Estilo carnavalesco, espetáculo para
ser visto de dia. Multidão composta não apenas pelos coros (ao todo, vinte e
oito), que iriam se apresentar. Falos gigantes (vários metros) eram carregados
por coros (phallophoroi). Outros coros,
com indumentária exótica, amiúde travestidos, carregavam falos menores (ithyphalloi) e apresentavam cantos com
letras e movimentos obscenos. Outros se vestiam como pessoas exóticas, sátiros
ou animais estranhos. “O desfile tematizava a loucura criativa inspirada pela
presença de Dioniso e tinha como intenção provocar uma atmosfera de hilaridade
anárquica. Vinho fluía livremente para espectadores e participantes” (CSAPO
& WILSON, s. v. “Dramatic festivals”, 2014). Em estações ao longo do
percurso, os coros paravam para apresentar hinos (provavelmente a origem do
termo coral stasimon). O desfile
também levava 200 a 400 bois, atrás de um touro digno do deus, destinado ao
sacrifício no santuário de Dioniso em certa época. A maior parte dos bois vinha
das cidades que eram colônias ou aliadas, das quais se exigia que levassem em
falo e um boi para o desfile.
Neste mesmo dia, provavelmente,
a competição entre dez coros de meninos (cada um com cinquenta integrantes; um
por tribo) e, depois, de homens. Originalmente, cada canto relacionava-se ao
gênero hínico cúltico e processional chamado de ditirambo. Ao longo do século V, quando não era mais um gênero
marcadamente dionisíaco, tende a apresentar narrativas míticas variadas.
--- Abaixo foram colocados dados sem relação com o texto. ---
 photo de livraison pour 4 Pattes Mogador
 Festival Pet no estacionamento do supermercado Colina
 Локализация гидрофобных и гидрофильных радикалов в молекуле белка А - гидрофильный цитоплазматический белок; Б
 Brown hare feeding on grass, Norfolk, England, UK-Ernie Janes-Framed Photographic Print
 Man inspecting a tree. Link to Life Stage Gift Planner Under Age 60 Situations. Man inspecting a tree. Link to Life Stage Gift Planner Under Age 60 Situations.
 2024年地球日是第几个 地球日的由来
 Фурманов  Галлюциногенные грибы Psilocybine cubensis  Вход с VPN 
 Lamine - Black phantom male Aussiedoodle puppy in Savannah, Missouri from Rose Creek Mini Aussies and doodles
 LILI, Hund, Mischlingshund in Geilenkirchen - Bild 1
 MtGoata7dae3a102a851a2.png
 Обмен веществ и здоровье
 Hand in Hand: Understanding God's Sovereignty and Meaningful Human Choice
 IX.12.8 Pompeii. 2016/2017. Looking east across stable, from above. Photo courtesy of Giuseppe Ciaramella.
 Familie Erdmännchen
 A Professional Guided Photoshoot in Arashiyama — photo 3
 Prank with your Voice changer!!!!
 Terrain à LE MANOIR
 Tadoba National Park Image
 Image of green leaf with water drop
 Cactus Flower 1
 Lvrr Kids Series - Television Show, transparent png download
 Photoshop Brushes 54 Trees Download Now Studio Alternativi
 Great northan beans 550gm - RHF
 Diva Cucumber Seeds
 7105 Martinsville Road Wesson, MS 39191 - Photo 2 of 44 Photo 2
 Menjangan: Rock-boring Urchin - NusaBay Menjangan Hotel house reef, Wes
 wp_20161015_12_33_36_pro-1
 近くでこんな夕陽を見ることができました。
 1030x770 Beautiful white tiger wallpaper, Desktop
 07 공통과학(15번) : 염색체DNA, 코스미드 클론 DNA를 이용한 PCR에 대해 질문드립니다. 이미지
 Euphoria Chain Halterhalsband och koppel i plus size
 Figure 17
Dançavam em formação circular com acompanhamento do aulo.
Dia 11 elaphebolion: antes da Guerra do Peloponeso, possivelmente,
competição entre cinco comédias (cada uma de uma hora e meia a duas horas). O
número de comédias foi suprimido na guerra, e é possível que cada comédia fosse
apresentada uma por dia depois da tetralogia. A redução seria para se ganhar um
dia de trabalho, e não a poupança da apresentação de duas comédias.
Dias 12-14 elaphebolion: com exceção da época da
guerra, apresentação das tetralogias. No dia 12, cerimoniais cívicas diversas,
o que mostra que era o dia mais importante: desfile dos homens que ganharam prohedria (assento especial no teatro);
libações, seleção e juramento dos juízes; anúncio das honras públicas dadas
pela assembleia no espaço de um ano; desfile em apresentação das armas dadas
aos órgãos de guerra que alcançaram maioridade; apresentação do tributo trazido
pelas cidades do império. No último dia, anúncio da tetralogia e do ator
vencedor.
O processo de julgamento não é bem entendido: dez juízes, cada um colocando seu voto na urna. Talvez levasse em consideração o inclusivismo do público. Só cinco tábuas eram tiradas da urna. Caso não houvesse um vencedor inquestionável, mais duas e, depois, uma a uma. O resultado não é bom índice para popularidade dos dramaturgos. O foco era a performance do coro de cidadãos voluntários. O autor só participava da glória se ele mesmo tivesse coreografado o coro como didaskolos (mestre). Caso não o fizesse, poderia até ganhar popularidade, mas não reconhecimento oficial. Os poetas deviam receber um bom pagamento.